The paper tackles the challenge of learning generative models at network edge nodes with limited data and computing power by developing a framework that leverages pre-trained models from other nodes, casting continual learning as a Wasserstein-1 barycenter problem and using a two-stage approach with offline barycenter computation and fast adaptation, achieving model compression through weight ternarization.

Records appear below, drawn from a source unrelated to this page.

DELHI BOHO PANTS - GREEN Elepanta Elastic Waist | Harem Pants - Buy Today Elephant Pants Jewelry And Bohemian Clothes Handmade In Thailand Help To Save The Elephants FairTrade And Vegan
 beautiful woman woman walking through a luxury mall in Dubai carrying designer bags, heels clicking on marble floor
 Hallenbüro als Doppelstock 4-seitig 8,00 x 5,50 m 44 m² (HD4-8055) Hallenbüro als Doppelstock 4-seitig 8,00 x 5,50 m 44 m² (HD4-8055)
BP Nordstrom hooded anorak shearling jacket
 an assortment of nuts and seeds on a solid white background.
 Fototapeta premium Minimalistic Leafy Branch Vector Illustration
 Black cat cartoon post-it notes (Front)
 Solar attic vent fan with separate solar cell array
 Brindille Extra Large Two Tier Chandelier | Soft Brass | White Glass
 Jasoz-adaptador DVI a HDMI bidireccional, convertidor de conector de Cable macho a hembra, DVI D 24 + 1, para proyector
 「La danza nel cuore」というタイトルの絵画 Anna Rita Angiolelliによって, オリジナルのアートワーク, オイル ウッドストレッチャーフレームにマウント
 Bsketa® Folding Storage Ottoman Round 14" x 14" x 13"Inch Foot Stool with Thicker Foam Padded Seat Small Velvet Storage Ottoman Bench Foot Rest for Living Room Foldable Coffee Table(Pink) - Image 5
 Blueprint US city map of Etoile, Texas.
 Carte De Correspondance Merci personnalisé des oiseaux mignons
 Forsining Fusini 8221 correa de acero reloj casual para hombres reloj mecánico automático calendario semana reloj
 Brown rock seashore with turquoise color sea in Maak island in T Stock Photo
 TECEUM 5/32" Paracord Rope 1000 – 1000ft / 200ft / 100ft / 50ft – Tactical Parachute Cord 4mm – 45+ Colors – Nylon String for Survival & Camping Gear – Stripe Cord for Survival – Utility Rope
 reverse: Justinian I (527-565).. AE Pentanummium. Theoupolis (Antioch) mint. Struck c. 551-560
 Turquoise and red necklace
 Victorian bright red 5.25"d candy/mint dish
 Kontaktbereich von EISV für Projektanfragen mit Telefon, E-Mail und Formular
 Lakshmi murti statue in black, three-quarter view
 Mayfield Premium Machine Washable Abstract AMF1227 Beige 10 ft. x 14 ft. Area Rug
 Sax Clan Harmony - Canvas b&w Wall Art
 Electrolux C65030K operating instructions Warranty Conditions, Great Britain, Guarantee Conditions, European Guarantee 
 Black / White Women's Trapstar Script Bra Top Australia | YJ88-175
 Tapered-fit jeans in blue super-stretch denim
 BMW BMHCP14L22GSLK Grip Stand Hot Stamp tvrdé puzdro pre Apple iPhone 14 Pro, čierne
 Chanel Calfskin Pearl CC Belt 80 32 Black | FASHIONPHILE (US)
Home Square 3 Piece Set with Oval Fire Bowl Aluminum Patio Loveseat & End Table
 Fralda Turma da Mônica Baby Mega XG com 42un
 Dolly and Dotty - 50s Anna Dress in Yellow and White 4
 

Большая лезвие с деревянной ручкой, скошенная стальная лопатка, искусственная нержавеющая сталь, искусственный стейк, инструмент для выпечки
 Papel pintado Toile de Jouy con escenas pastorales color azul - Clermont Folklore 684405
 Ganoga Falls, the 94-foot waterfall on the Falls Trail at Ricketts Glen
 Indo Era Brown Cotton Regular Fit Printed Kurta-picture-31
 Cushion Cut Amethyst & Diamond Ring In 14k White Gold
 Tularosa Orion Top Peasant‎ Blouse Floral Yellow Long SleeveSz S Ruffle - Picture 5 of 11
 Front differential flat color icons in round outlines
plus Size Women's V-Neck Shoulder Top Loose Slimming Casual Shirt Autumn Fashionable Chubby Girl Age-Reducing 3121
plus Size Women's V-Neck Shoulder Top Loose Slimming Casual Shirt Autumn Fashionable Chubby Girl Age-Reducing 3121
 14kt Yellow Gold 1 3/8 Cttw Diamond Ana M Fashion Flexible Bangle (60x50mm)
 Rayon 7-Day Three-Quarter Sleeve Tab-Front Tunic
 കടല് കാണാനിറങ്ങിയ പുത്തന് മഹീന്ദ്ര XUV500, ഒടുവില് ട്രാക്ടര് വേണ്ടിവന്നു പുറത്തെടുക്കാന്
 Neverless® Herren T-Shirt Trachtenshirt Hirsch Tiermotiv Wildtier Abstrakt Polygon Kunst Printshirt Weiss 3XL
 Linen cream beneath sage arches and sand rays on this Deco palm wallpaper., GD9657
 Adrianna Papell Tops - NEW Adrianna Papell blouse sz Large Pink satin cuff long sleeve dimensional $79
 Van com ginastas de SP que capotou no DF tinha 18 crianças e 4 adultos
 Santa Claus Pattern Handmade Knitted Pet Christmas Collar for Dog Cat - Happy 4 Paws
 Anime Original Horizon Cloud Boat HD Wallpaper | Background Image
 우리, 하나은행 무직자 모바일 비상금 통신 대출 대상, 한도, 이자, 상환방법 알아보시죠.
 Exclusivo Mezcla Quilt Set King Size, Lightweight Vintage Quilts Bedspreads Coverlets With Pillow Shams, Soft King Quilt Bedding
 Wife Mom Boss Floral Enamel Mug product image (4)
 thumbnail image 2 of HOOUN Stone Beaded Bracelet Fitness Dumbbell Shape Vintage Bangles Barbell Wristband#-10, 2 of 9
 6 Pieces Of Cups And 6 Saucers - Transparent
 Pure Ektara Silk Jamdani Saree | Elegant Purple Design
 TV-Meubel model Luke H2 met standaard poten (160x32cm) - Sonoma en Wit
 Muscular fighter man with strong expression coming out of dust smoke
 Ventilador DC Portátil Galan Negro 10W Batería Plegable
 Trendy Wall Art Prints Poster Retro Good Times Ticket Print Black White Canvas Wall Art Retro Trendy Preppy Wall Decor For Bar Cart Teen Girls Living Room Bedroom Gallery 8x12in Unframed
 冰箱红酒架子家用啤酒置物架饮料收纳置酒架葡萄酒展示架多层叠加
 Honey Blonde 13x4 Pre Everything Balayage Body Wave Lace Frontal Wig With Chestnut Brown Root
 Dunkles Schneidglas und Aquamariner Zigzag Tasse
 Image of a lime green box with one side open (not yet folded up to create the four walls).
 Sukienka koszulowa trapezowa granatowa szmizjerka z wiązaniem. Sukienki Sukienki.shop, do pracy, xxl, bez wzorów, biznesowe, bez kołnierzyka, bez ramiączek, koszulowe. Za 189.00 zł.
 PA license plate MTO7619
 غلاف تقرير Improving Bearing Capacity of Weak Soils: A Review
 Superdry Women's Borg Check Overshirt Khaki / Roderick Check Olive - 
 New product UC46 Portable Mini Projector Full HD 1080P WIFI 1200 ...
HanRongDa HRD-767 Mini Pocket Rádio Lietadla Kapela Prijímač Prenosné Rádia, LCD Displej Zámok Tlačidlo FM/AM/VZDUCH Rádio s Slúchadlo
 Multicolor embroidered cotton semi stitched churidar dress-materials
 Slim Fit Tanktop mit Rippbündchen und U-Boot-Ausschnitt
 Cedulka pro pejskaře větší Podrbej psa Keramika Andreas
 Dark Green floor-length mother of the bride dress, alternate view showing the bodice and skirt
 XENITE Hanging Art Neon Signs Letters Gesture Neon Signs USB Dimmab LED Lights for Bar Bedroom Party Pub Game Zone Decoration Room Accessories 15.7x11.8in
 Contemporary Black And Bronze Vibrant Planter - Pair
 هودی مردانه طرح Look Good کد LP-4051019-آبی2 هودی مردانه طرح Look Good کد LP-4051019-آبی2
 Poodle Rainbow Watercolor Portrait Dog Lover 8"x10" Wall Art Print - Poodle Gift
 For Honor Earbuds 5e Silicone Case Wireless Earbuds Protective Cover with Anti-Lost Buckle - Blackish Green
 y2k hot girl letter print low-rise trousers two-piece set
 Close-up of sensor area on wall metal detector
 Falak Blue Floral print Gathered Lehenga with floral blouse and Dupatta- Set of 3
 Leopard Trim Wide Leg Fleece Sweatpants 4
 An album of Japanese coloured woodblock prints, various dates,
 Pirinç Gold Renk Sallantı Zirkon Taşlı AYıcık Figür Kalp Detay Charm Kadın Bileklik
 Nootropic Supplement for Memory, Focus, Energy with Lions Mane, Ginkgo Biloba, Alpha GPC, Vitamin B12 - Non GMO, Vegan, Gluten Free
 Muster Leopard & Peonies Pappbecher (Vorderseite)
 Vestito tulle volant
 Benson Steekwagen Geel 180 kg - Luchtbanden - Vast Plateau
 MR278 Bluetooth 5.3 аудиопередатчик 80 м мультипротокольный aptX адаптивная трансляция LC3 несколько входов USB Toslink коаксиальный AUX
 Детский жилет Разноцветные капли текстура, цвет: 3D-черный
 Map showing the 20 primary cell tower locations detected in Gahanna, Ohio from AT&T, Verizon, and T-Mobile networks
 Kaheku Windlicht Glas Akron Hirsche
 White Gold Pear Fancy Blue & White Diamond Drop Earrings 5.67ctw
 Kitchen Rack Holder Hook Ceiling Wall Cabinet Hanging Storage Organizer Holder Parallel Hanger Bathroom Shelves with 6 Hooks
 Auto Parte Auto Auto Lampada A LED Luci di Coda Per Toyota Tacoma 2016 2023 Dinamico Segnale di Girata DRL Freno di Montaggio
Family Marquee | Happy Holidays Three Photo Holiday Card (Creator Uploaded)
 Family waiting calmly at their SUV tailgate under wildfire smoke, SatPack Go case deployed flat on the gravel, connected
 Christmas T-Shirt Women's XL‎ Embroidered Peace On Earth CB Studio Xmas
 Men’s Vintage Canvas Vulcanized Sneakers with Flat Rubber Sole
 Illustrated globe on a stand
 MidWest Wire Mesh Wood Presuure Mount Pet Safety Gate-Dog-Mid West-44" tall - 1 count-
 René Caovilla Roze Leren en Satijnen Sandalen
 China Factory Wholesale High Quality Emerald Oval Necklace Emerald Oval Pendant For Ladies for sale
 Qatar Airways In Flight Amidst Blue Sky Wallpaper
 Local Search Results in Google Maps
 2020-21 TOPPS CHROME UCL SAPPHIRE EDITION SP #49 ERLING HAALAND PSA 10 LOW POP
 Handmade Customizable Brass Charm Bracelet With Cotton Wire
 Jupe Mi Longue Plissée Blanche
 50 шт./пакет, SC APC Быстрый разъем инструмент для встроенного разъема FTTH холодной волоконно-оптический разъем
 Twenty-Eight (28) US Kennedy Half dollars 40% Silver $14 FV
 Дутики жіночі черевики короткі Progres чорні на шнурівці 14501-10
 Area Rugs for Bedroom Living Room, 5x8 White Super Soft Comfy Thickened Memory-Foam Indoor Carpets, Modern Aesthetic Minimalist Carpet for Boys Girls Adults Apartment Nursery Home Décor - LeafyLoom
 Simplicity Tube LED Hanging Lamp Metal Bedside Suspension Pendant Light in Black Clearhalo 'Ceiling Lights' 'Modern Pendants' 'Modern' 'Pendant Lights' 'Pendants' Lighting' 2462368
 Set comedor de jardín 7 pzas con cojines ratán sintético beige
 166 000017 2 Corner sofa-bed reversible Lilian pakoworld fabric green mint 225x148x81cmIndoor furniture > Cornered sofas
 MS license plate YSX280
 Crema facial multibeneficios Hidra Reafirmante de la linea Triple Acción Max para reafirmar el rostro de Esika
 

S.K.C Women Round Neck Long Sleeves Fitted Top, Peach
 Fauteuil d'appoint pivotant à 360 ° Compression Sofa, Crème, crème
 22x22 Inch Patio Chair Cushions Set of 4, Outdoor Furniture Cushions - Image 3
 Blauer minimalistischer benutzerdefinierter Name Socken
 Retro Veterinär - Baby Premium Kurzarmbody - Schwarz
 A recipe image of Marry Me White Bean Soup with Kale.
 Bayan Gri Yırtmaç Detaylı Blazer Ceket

Learning generative models is challenging for a network edge node with limited data and computing power. Since tasks in similar environments share model similarity, it is plausible to leverage pre-trained generative models from the cloud or other edge nodes. Appealing to optimal transport theory tailored towards Wasserstein-1 generative adversarial networks (WGAN), this study aims to develop a framework which systematically optimizes continual learning of generative models using local data at the edge node while exploiting adaptive coalescence of pre-trained generative models. Specifically, by treating the knowledge transfer from other nodes as Wasserstein balls centered around their pre-trained models, continual learning of generative models is cast as a constrained optimization problem, which is further reduced to a Wasserstein-1 barycenter problem. A two-stage approach is devised accordingly: 1) The barycenters among the pre-trained models are computed offline, where displacement interpolation is used as the theoretic foundation for finding adaptive barycenters via a "recursive" WGAN configuration; 2) the barycenter computed offline is used as meta-model initialization for continual learning and then fast adaptation is carried out to find the generative model using the local samples at the target edge node. Finally, a weight ternarization method, based on joint optimization of weights and threshold for quantization, is developed to compress the generative model further.